Published online by Cambridge University Press: 07 January 2025
Since the days of the fifteenth-century tadhkira-writer Dowlatshāh it has become a cliché to describe the importance of ˙ hakīm Majdūd-i Ādam Sanā’ī (who died in Ghazna in 525/1130) to the development of Persian mystical poetry by quoting a line of verse which is attributed to Mowlānā Jalāl al-Dīn Rūmī:
ʿAṭṭār was the soul and Sanā’ī his two eyes
we came in the footsteps of Sanā’ī and ʿAṭṭār
As a matter of fact, almost everything about this quotation is wrong. To begin with, it is not a line by Rūmī himself but it can be traced back to a ghazal of his son Sulṭān Valad. In the printed Dīvān of the latter we find a reading for the second half-verse which differs considerably from the one quoted by Dowlatshāh. It runs:
we have come as a qibla to Sanā’ī and ʿAṭtṭār.

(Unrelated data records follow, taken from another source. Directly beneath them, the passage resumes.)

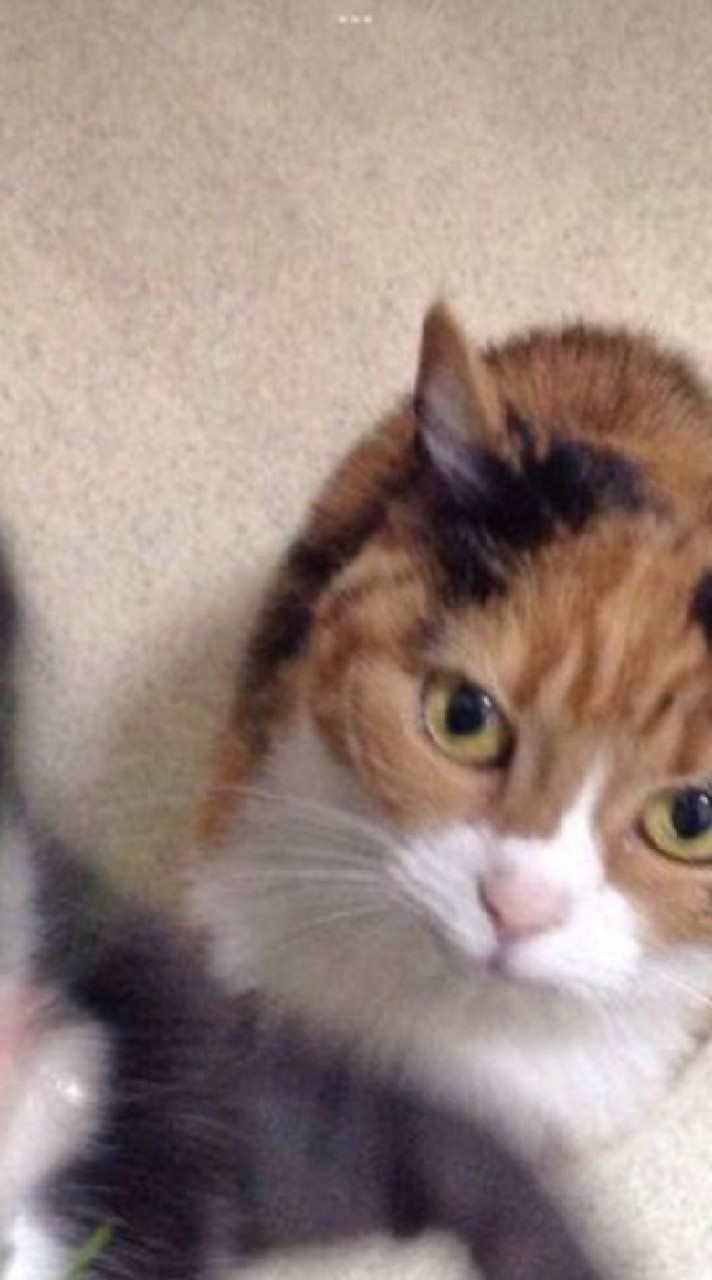 คิดชื่อไม่ออก.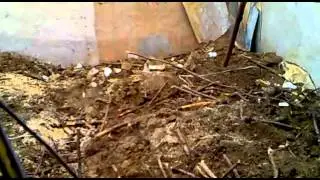 My Edited Video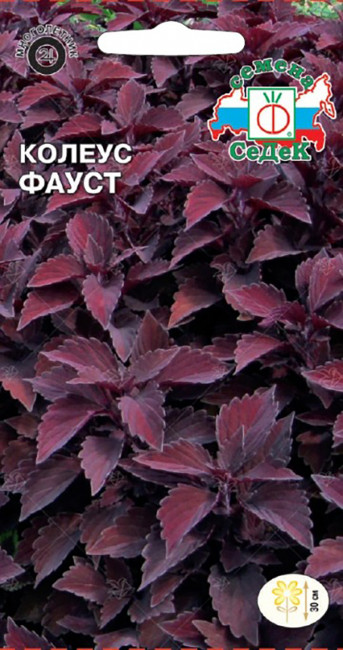 Колеус Фауст, 0.1 г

If this is the original reading of this half-verse (and there is no reason to doubt that), the fact that the poet identifies himself with the point to which his predecessors direct their worship cannot be interpreted as an expression of his indebtedness to their works. It is, on the contrary, a typical example of fakhr, the conventional boast of the Persian poet. What Sulṭān Valad is saying in fact is that his own poetry has taken the place of Sanā’ī's and ʿAṭṭār's poems; that it contains the perfect expression of the things they could only hint at. This is confirmed by other ghazals of Sulṭān Valad in which the same topos has been used in various forms, e.g.: “That Face which we have seen, has never been seen by Sanā’ī” or “We are the source of knowing and it was from the sea of our knowledge / that a drop has come to Sanā’ī and to ʿAṭṭār.”
We may very well assume that Sulṭān Valad made these statements not merely on his own behalf but on that of the early Mowlavī tradition as a whole.